When I check the log as the instruction said, the job Shutdown as step failed. Screenshot showing the loading step was failed, and I check the syslog of it. It has only a WARN there about crediential. Do you have any idea about this? In my redshift json, username and password is the master user of the target cluster and the roleARN is pointing to a role which has full access to my S3 and Redshift.

The WARN is showing I need to move a file, could you please provide more info about it?

Much appreciated!

@ihor

The WARN is showing a conf file at some specific location, is that location created by EmrEtlRunner? Is it configurable on my end?

Thanks!

@AllenWeieiei, that warning is not Snowplow related. It is related to how you use AWS CLI to run the pipeline. Indeed, the AWS CLI expects your credentials file to be located at ~/.aws/credentials: https://docs.aws.amazon.com/cli/latest/userguide/cli-chap-configure.html.
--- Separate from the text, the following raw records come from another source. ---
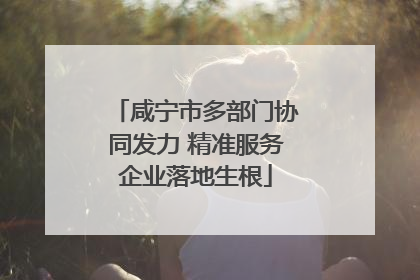 咸宁市多部门协同发力 精准服务企业落地生根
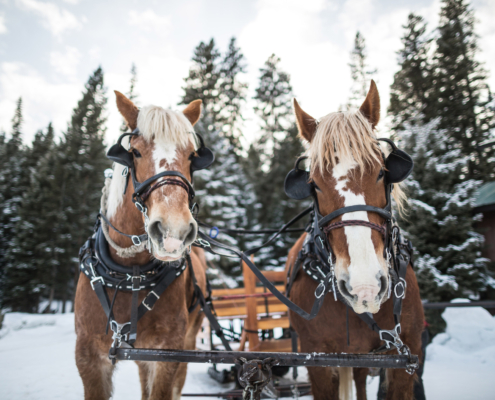 sleigh ride dinner experience lone mountain ranch big sky montana horses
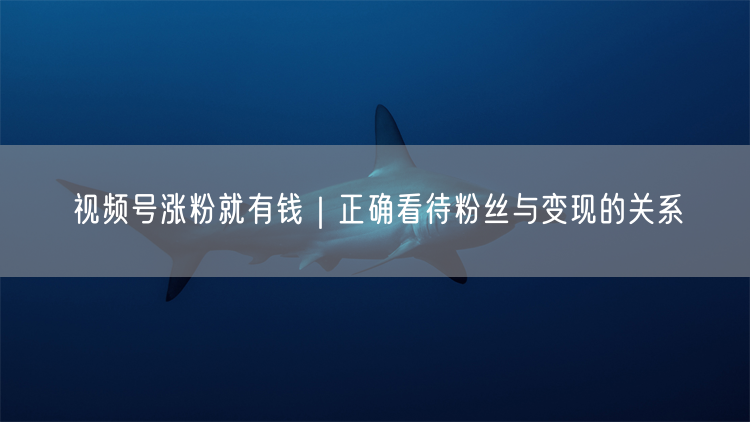 视频号涨粉就有钱｜正确看待粉丝与变现的关系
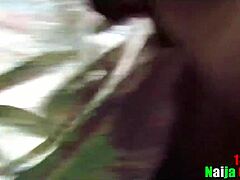 busty cock addiction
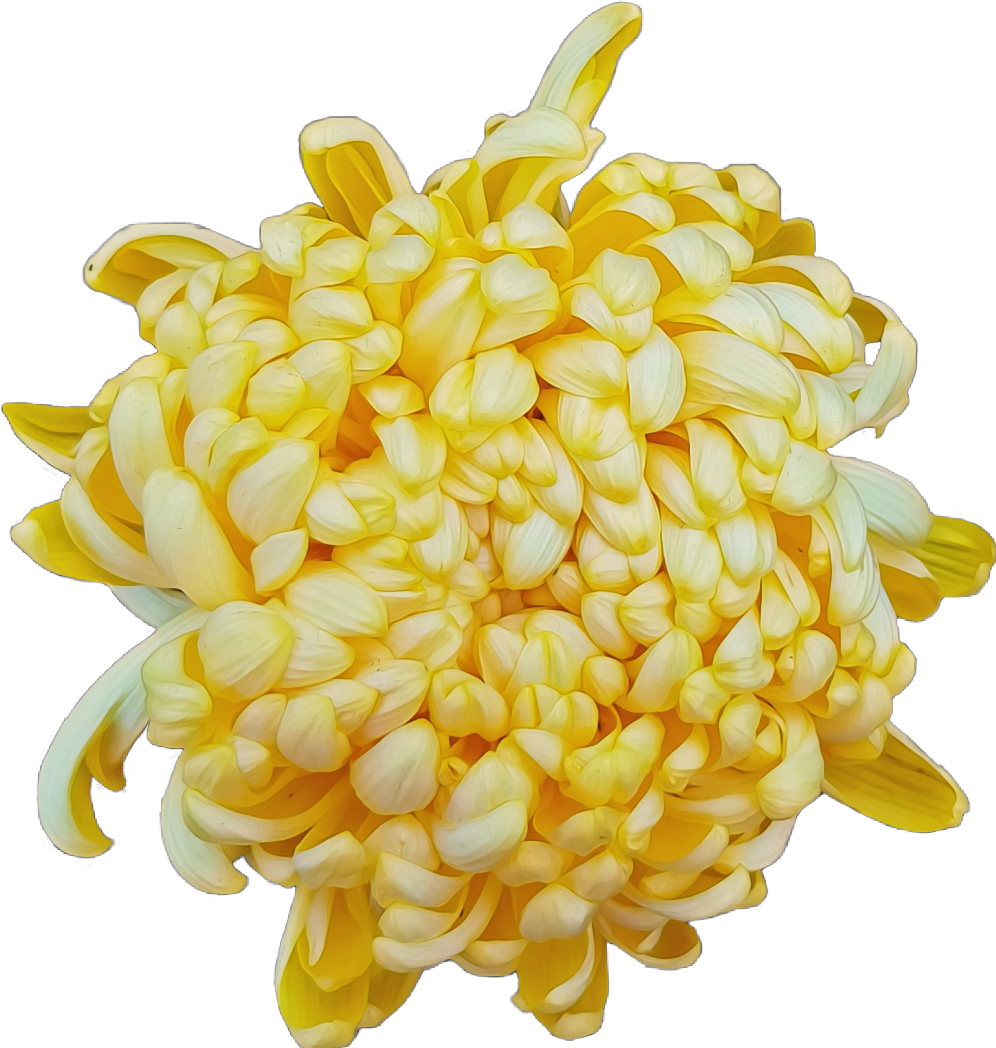 Vibrant Yellow Chrysanthemum Flower PNG Image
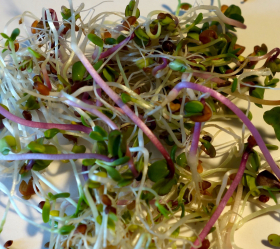 Groddfrömix, ekofrö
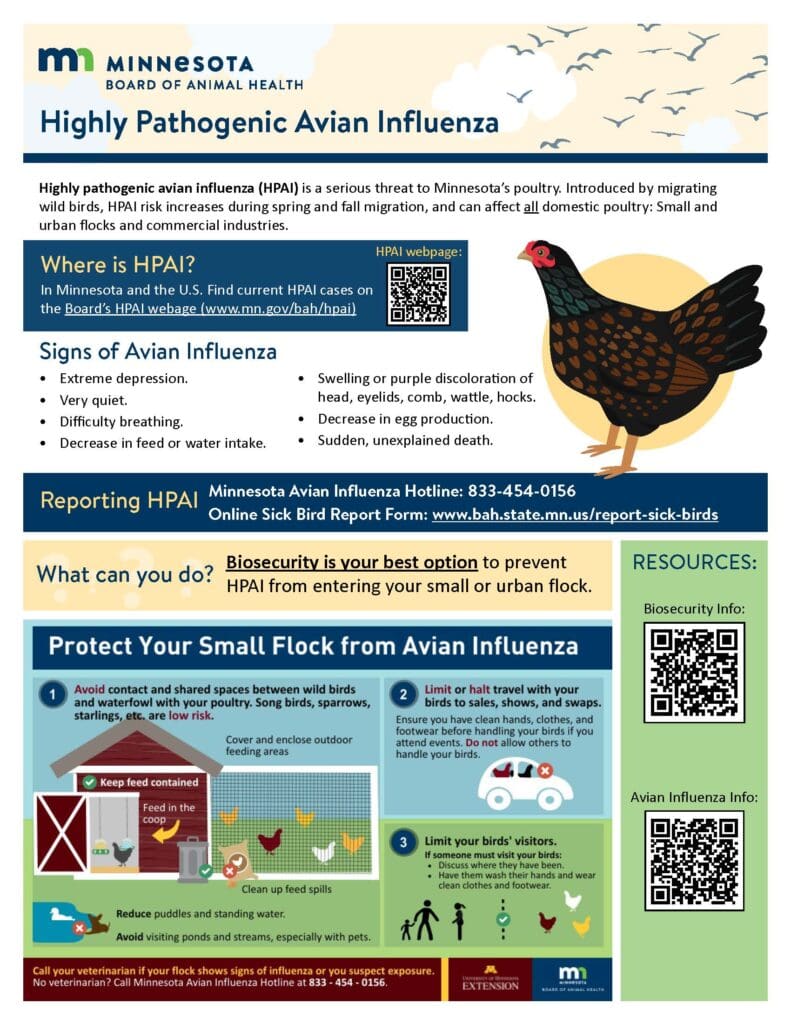 infographic from MN Depatment of Agriculture on HPAI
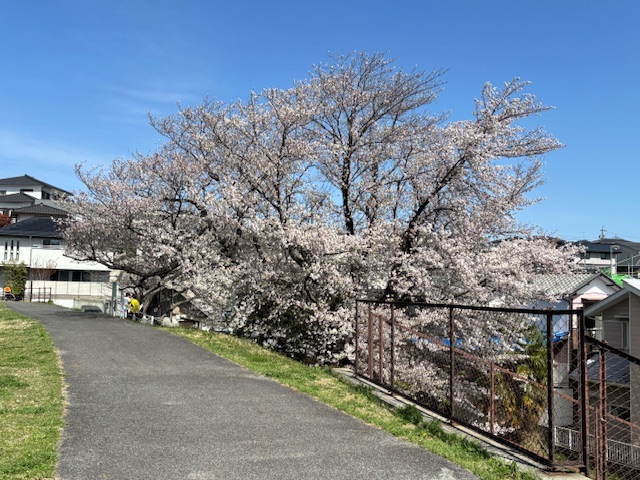 ookuraike3
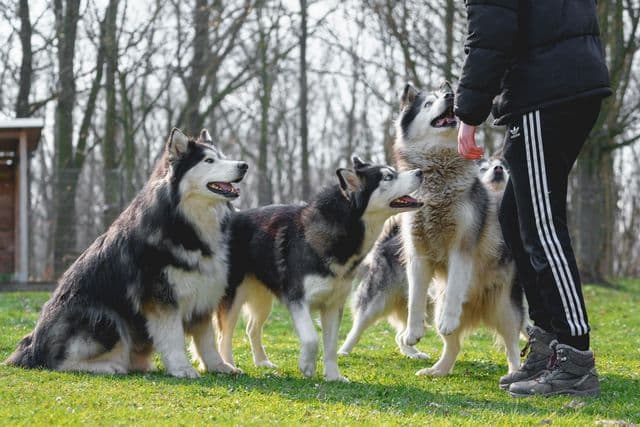 Susi - Alaskan Malamute - Bild 7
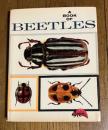 A BOOK OF BEETLES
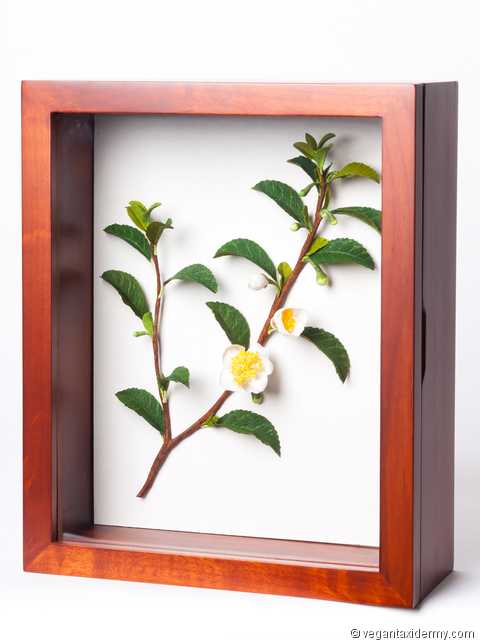 Tea Plant (Camellia sinensis), 3-D crepe paper sculpture by Aimée Baldwin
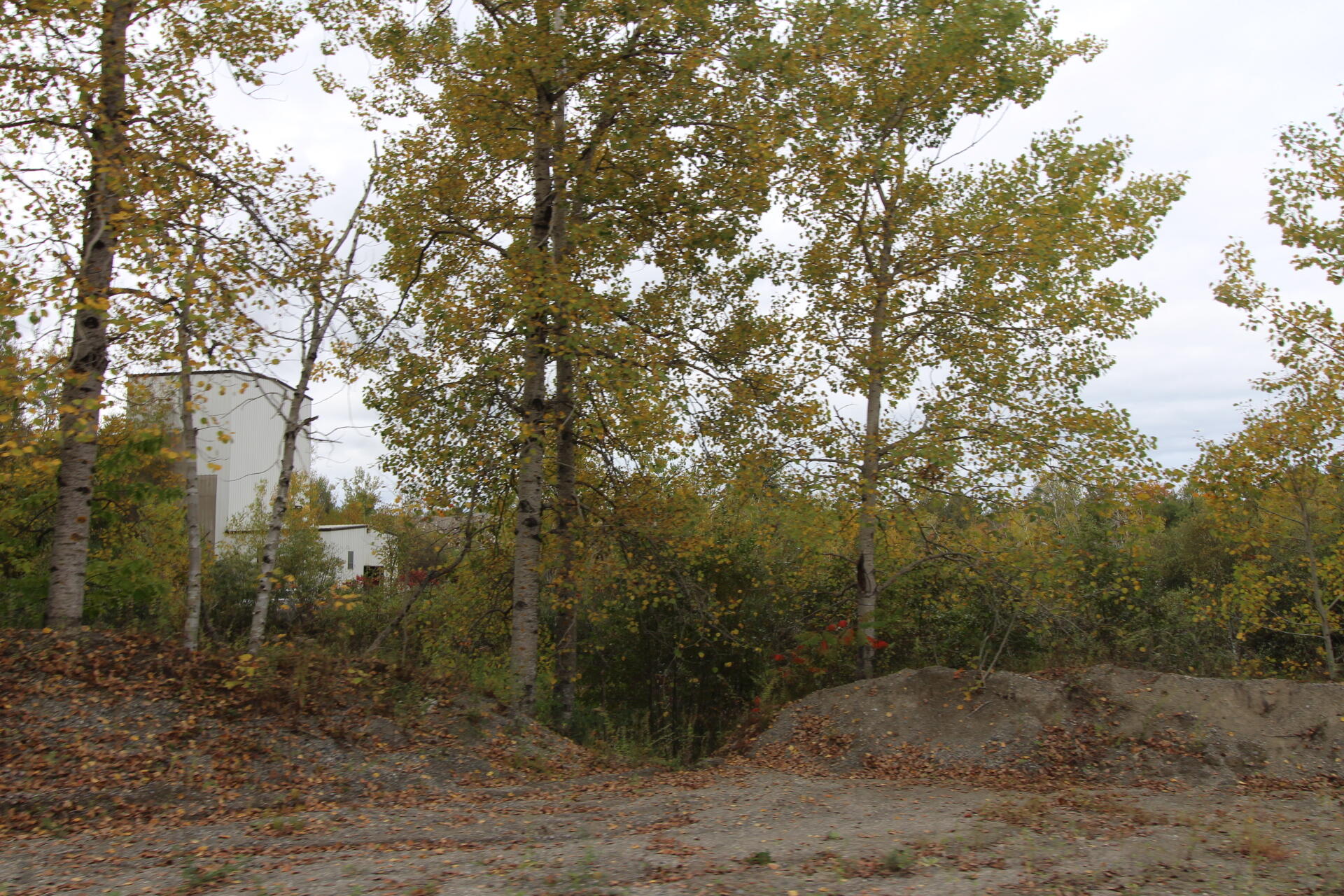 185 Belmont Avenue, Belfast, ME, 04915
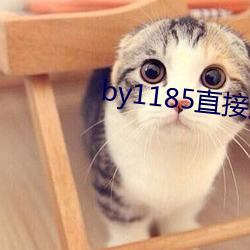 by1185直接(接)进入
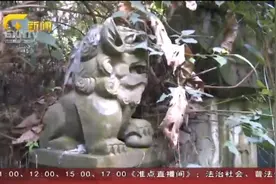 重庆：小区里有活人墓？主管部门介入调查视频封面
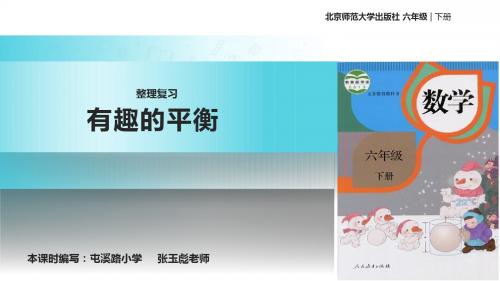 人教版数学六年级下册 6.5.4  课件 《有趣的平衡》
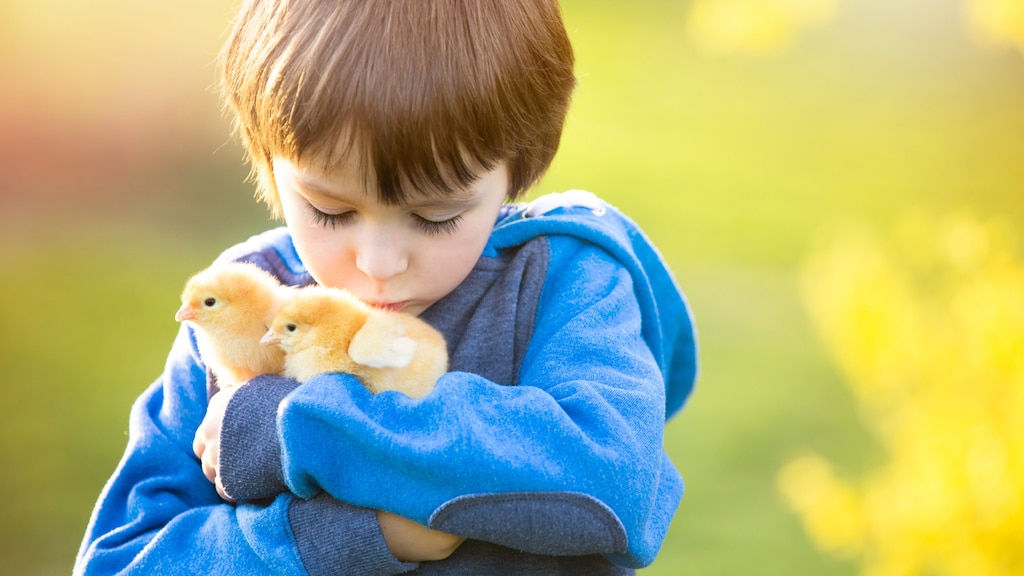 Kuikens voorlezen en knuffelen? Dat is toch hét middel voor wereldvrede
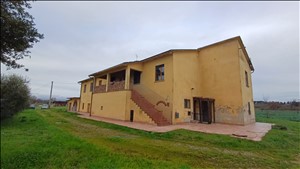 latest property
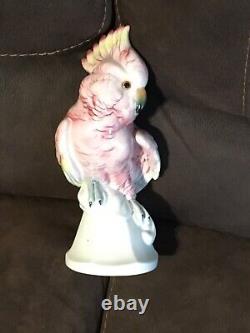 Aweee! Vintage Made in Germany Pink Yellow Cockatiel Cockatoo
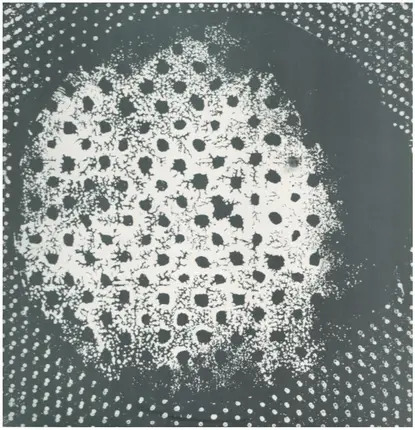 Biosphere - Patashnik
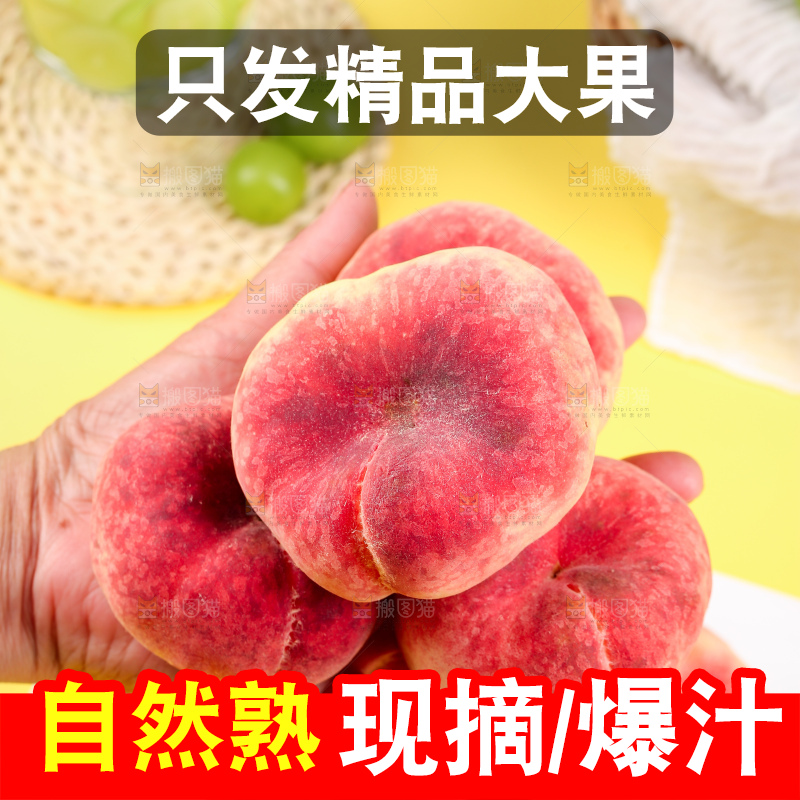 浅底上的毛蟠桃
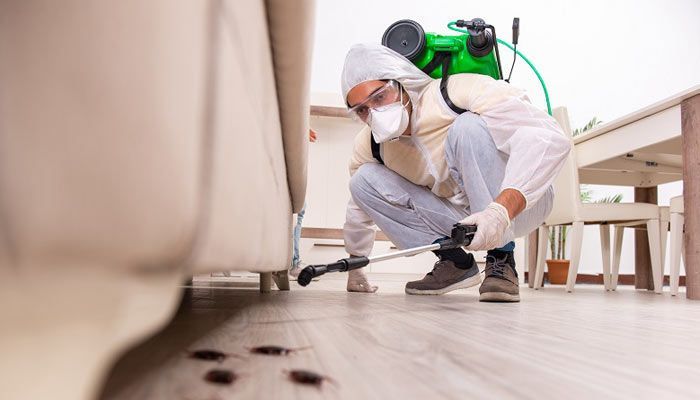 Say Goodbye to Pests Forever With Pest Control Wilston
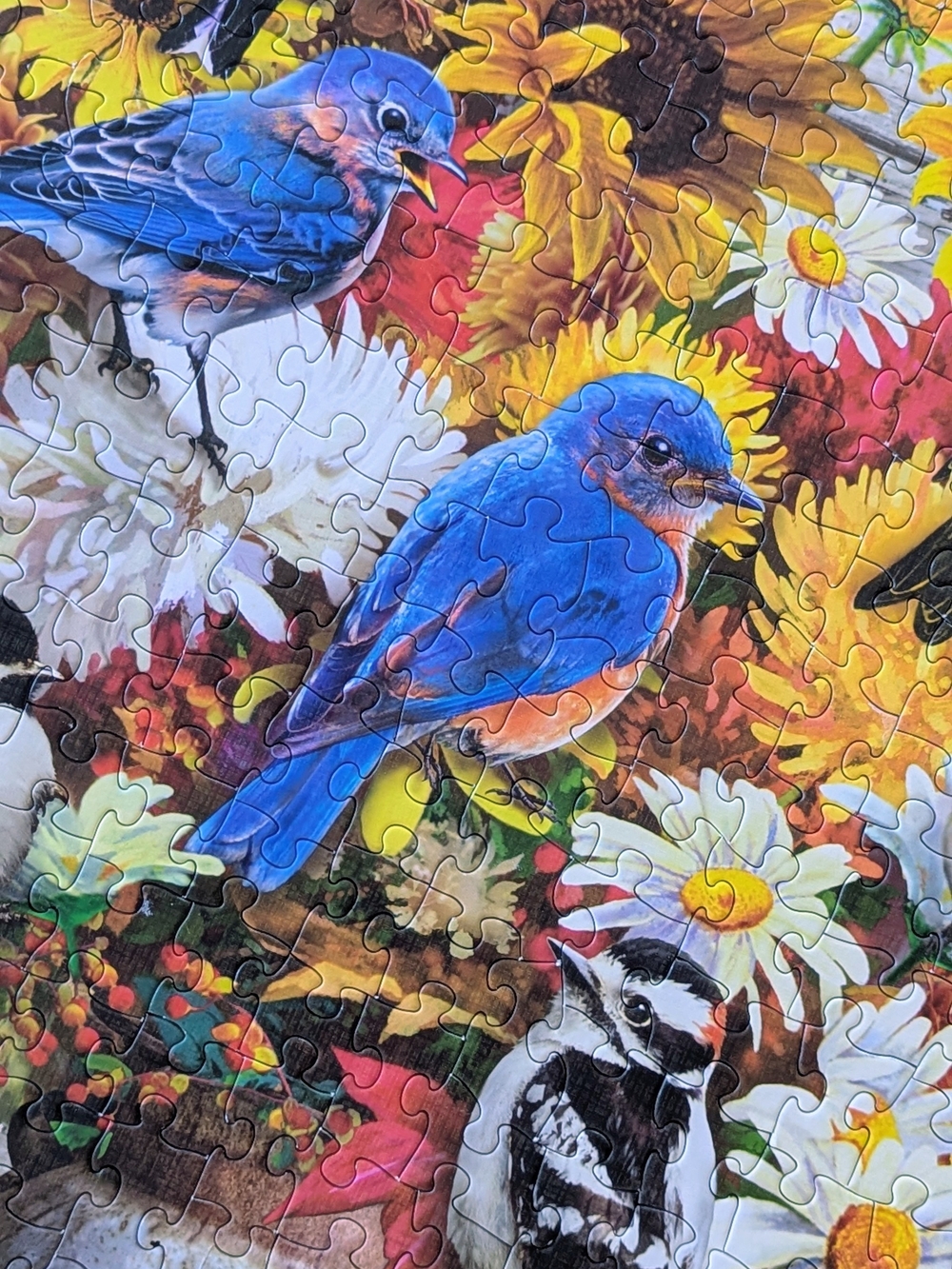 Cobble Hill Autumn Songbirds 500-Piece Puzzle - - Picture 3 of 7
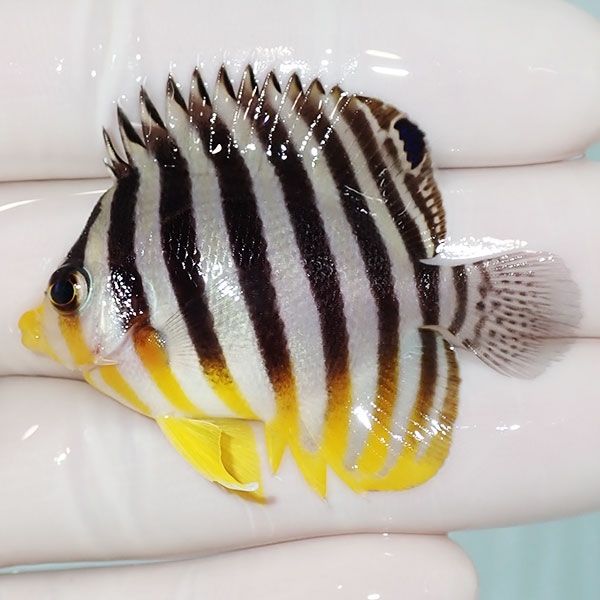 【現物30】sale シマヤッコ 5cm±! 海水魚 生体 15時までのご注文で当日...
Having said that it is just a warning and the job does run. You need to find out why it fails at the data load step.

OK, thanks!

@ihor, when I check the article about redshift connection, I have a question. Even I don’t use a SQLWorkbench to connect with it, does the server (where I am running the collector, enrich, loader, runner) require a driver for JDBC to be installed?

@ihor, hello.

I got the process working and data loaded into Redshift. I also set up the supervisor of collector and enrich to run, now I have data in collector stream and enrich stream whenever the new data is coming. When I check the instruction, I only found there are some steps about scheduling the EmrEtlRunner. So I would believe the EmrEtlRunner will be scheduled to run periodically.

How about the S3 Loader? schedule or other setting?

Thanks!

@AllenWeieiei, indeed, EmrEtlRunner needs to be scheduled and we just set up cron ourselves but you can use whatever is more appropriate for you.

S3 Loader is a real-time component - subscriber to Kinesis stream and as such it is “always-on” once started. You do need to configure when the streamed events are uploaded to S3 for batch processing (shredding and loading to Redshift). It is achieved with these properties in S3 Loader configuration file.

@ihor

Hi @ihor,

When I work with the DevOp team,we want to minimize the resources, risk, etc… A question of the process that we have right now is: What do these 2 enrich(stream enrich after collector, EmrEtlRunner enrich) steps really do in the process? Are they adding new fields? Increasing amount of records?

Thanks!